# Exercise goal
Nothing but the lines from the one containing "Quercus Engineered Timber" to the end of the records below should be output, each exactly as written.

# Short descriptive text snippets
==============================

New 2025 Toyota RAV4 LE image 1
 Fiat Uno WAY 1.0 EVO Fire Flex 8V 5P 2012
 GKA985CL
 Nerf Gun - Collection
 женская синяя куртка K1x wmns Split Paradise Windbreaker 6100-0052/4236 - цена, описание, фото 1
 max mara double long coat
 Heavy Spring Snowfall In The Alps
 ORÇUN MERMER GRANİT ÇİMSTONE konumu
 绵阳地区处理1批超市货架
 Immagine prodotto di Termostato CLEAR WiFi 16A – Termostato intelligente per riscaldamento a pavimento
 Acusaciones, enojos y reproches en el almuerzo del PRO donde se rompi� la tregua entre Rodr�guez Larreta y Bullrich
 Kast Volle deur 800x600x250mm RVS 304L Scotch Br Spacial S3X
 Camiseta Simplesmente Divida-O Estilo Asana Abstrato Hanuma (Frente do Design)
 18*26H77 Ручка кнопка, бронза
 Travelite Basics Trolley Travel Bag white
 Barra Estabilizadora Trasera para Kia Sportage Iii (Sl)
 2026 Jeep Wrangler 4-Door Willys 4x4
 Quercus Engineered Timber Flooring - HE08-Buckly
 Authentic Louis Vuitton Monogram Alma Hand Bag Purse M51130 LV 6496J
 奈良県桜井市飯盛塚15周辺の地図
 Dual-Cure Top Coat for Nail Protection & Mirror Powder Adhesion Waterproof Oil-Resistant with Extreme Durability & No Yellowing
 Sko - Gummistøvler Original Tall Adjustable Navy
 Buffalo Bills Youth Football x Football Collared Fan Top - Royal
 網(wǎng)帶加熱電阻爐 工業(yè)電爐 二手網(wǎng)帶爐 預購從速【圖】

==============================

# Worked solution
 Quercus Engineered Timber Flooring - HE08-Buckly
 Authentic Louis Vuitton Monogram Alma Hand Bag Purse M51130 LV 6496J
 奈良県桜井市飯盛塚15周辺の地図
 Dual-Cure Top Coat for Nail Protection & Mirror Powder Adhesion Waterproof Oil-Resistant with Extreme Durability & No Yellowing
 Sko - Gummistøvler Original Tall Adjustable Navy
 Buffalo Bills Youth Football x Football Collared Fan Top - Royal
 網(wǎng)帶加熱電阻爐 工業(yè)電爐 二手網(wǎng)帶爐 預購從速【圖】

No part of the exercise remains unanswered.